-- Raw data --

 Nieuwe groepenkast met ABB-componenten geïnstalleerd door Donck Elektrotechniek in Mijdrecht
--
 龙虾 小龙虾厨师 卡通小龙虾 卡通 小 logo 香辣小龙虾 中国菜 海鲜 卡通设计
...
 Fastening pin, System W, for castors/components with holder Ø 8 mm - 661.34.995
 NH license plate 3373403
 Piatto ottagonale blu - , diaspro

-- Task brief --
Reproduce exactly the lines above from the line with "Fastening pin, System" to the line with "Piatto ottagonale blu - , diaspro", including both, and add nothing.

-- Written solution --
 Fastening pin, System W, for castors/components with holder Ø 8 mm - 661.34.995
 NH license plate 3373403
 Piatto ottagonale blu - , diaspro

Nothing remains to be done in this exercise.